No interactions on record
Explore head-to-head clinical comparisons of other medications in the same therapeutic classes.
Common clinical questions about AMILORIDE HYDROCHLORIDE AND HYDROCHLOROTHIAZIDE vs ATACAND HCT, answered by our medical review team.
AMILORIDE HYDROCHLORIDE AND HYDROCHLOROTHIAZIDE is a Thiazide Diuretic that works by Amiloride is a potassium-sparing diuretic that blocks epithelial sodium channels (ENa C) in the distal convoluted tubule and collecting duct, inhibiting sodium reabsorption and reducing potassium excretion. Hydrochlorothiazide is a thiazide diuretic that inhibits the sodium-chloride cotransporter (NCC) in the distal convoluted tubule, increasing sodium, chloride, and water excretion.. ATACAND HCT is a Angiotensin II Receptor Blocker / Thiazide Diuretic that works by ATACAND HCT is a combination of candesartan, an angiotensin II receptor blocker (ARB), and hydrochlorothiazide, a thiazide diuretic. Candesartan blocks the vasoconstrictor and aldosterone-secreting effects of angiotensin II by selectively antagonizing the AT1 receptor, leading to vasodilation and reduced blood pressure. Hydrochlorothiazide inhibits the sodium-chloride symporter in the distal convoluted tubule of the nephron, increasing sodium, chloride, and water excretion, thereby reducing plasma volume and blood pressure.. They differ in pharmacokinetic profiles, FDA-approved indications, and side effect profiles.

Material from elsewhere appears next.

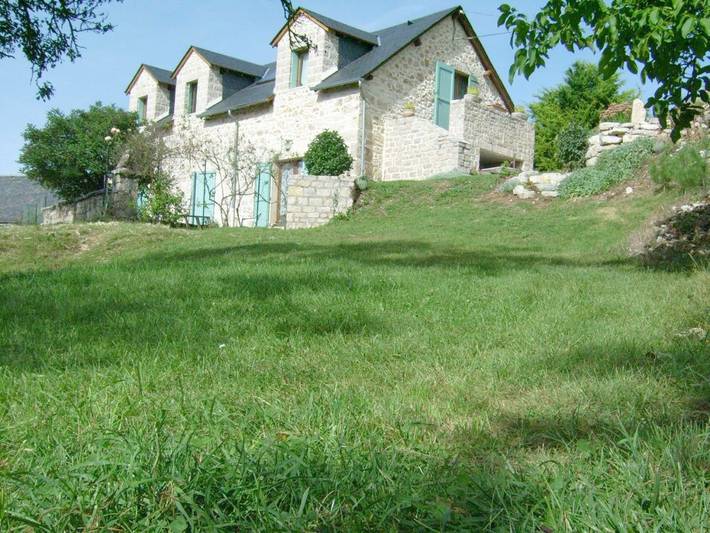 Gîte pour 2 personnes, avec jacuzzi et jardin ainsi que terrasse et sauna à La Canourgue - 3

Potency comparisons between AMILORIDE HYDROCHLORIDE AND HYDROCHLOROTHIAZIDE and ATACAND HCT depend on the specific clinical indication. These are agents from distinct pharmacological classes and are not directly interchangeable by dose. A physician or clinical pharmacist should guide any therapeutic switching decisions.
The standard adult dose of AMILORIDE HYDROCHLORIDE AND HYDROCHLOROTHIAZIDE is: One tablet (amiloride 5 mg/hydrochlorothiazide 50 mg) orally once daily initially, increased if needed to twice daily. Maximum dose: amiloride 10 mg/hydrochlorothiazide 100 mg daily.. The standard adult dose of ATACAND HCT is: One tablet orally once daily. Initial dose: 16 mg candesartan/12.5 mg hydrochlorothiazide. Titrate to maximum 32 mg candesartan/25 mg hydrochlorothiazide once daily.. Dosing should always be individualized based on indication, renal and hepatic function, age, and other patient factors.
No direct drug-drug interaction has been formally documented between AMILORIDE HYDROCHLORIDE AND HYDROCHLOROTHIAZIDE and ATACAND HCT in current clinical databases. However, individual patient risk factors including other medications, organ function, and comorbidities should always be evaluated by a qualified healthcare provider.
The maternal-fetal safety profiles differ. AMILORIDE HYDROCHLORIDE AND HYDROCHLOROTHIAZIDE is classified as Category A/B. First trimester: Limited data; thiazide use associated with possible increased risk of congenital anomalies including neural tube defects and limb reduction defects, but evidence i. ATACAND HCT is classified as Category C. Pregnancy Category D. First trimester: potential fetotoxicity; second and third trimesters: ACE inhibitor exposure causes oligohydramnios, fetal renal dysfunction, skull ossificati. Always consult a maternal-fetal medicine specialist before taking either drug during pregnancy or lactation.